What the exercise asks: Return the records that follow unaltered. Omit every picture.
--
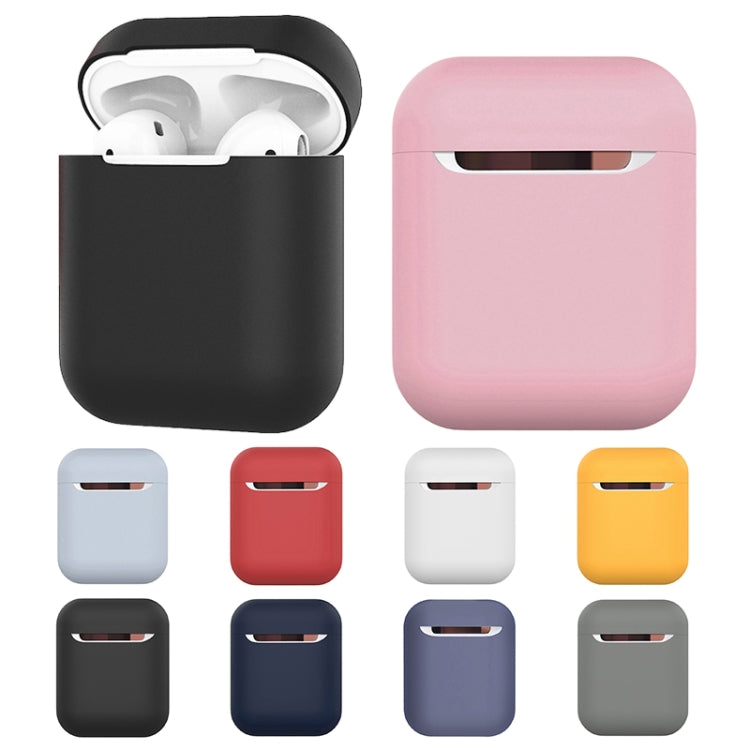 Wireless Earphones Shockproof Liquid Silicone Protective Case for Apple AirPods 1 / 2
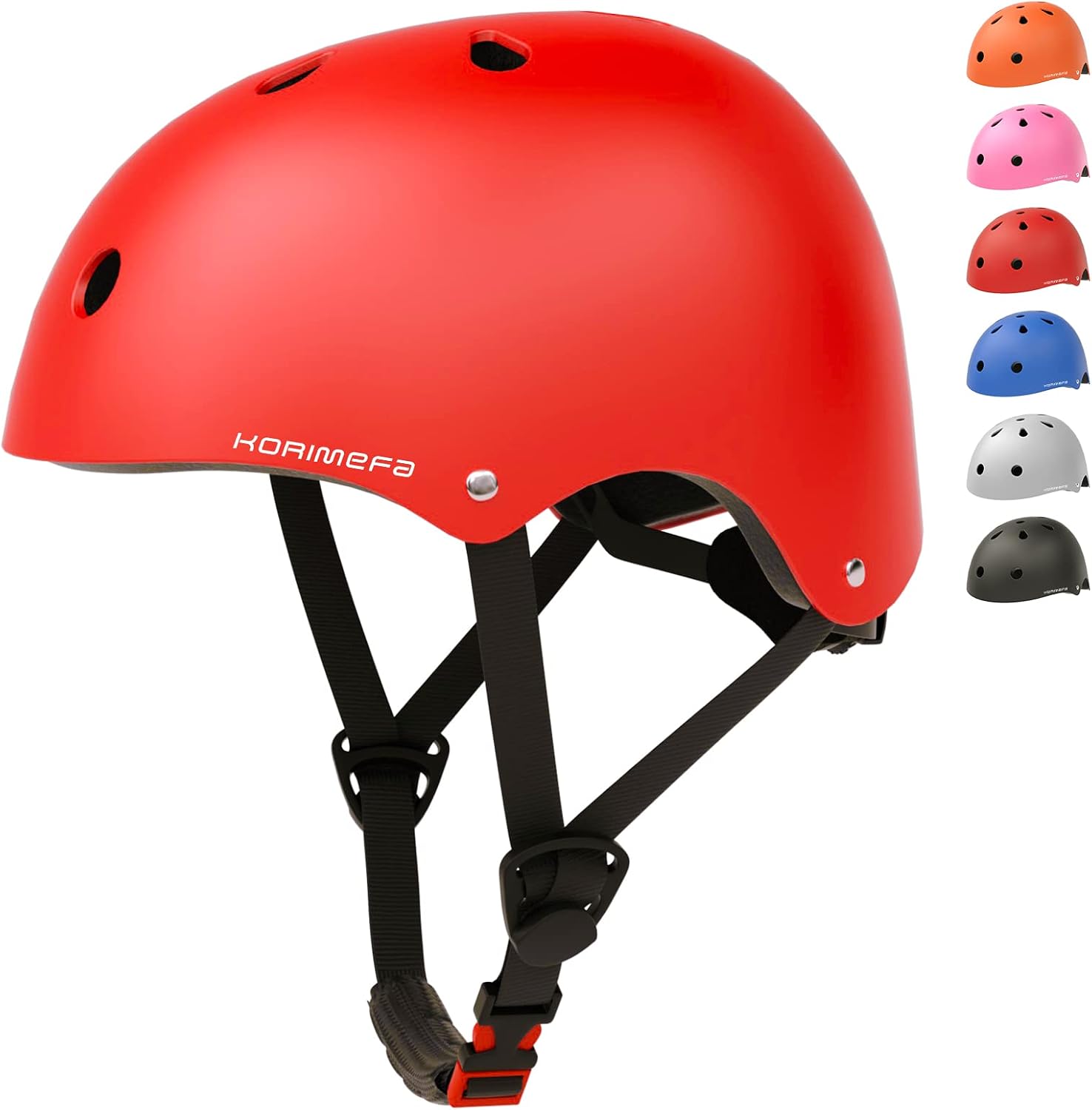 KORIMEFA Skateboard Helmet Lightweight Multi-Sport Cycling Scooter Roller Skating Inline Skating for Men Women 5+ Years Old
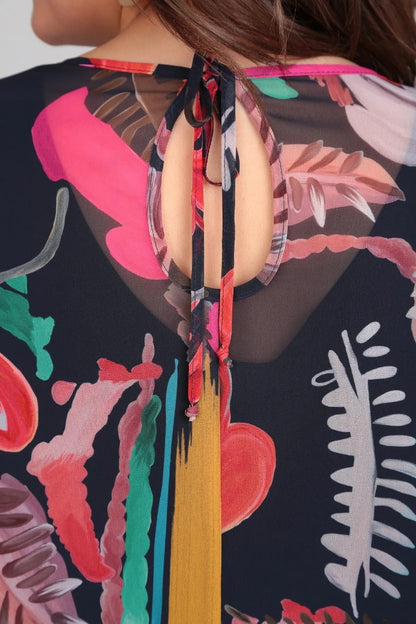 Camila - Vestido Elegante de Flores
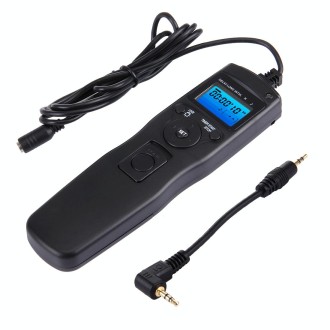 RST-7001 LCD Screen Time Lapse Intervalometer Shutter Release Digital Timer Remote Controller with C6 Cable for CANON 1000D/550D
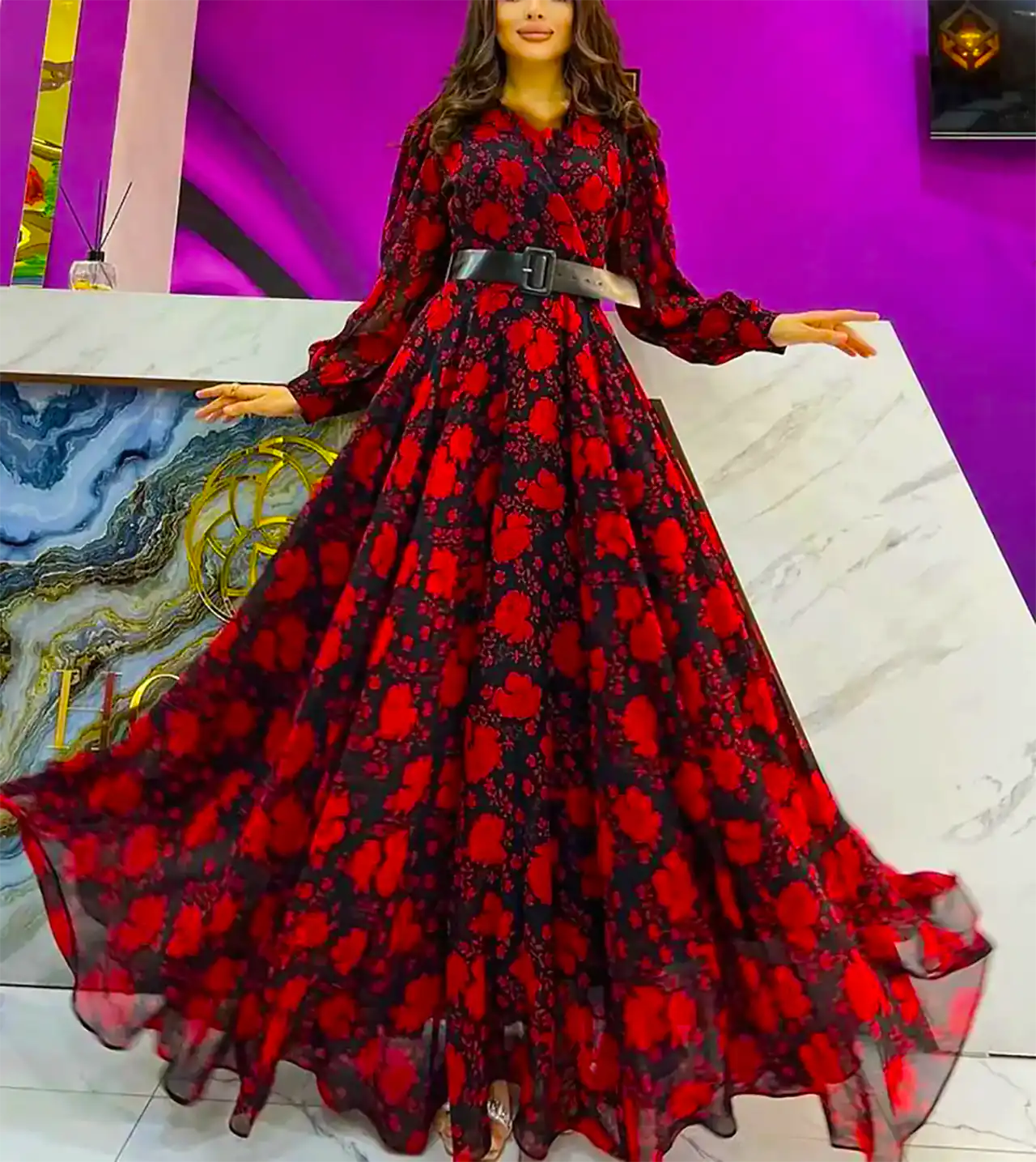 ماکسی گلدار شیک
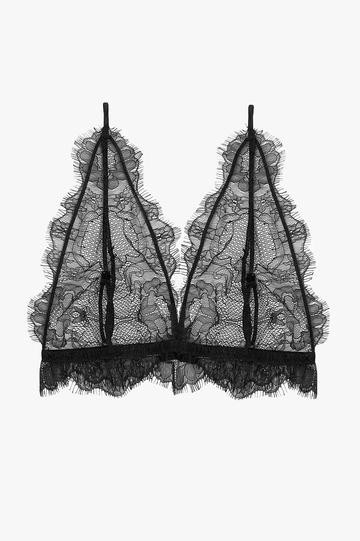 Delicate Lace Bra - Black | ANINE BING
--
Result for this exercise:
 Wireless Earphones Shockproof Liquid Silicone Protective Case for Apple AirPods 1 / 2
 KORIMEFA Skateboard Helmet Lightweight Multi-Sport Cycling Scooter Roller Skating Inline Skating for Men Women 5+ Years Old
 Camila - Vestido Elegante de Flores
 RST-7001 LCD Screen Time Lapse Intervalometer Shutter Release Digital Timer Remote Controller with C6 Cable for CANON 1000D/550D
 ماکسی گلدار شیک
 Delicate Lace Bra - Black | ANINE BING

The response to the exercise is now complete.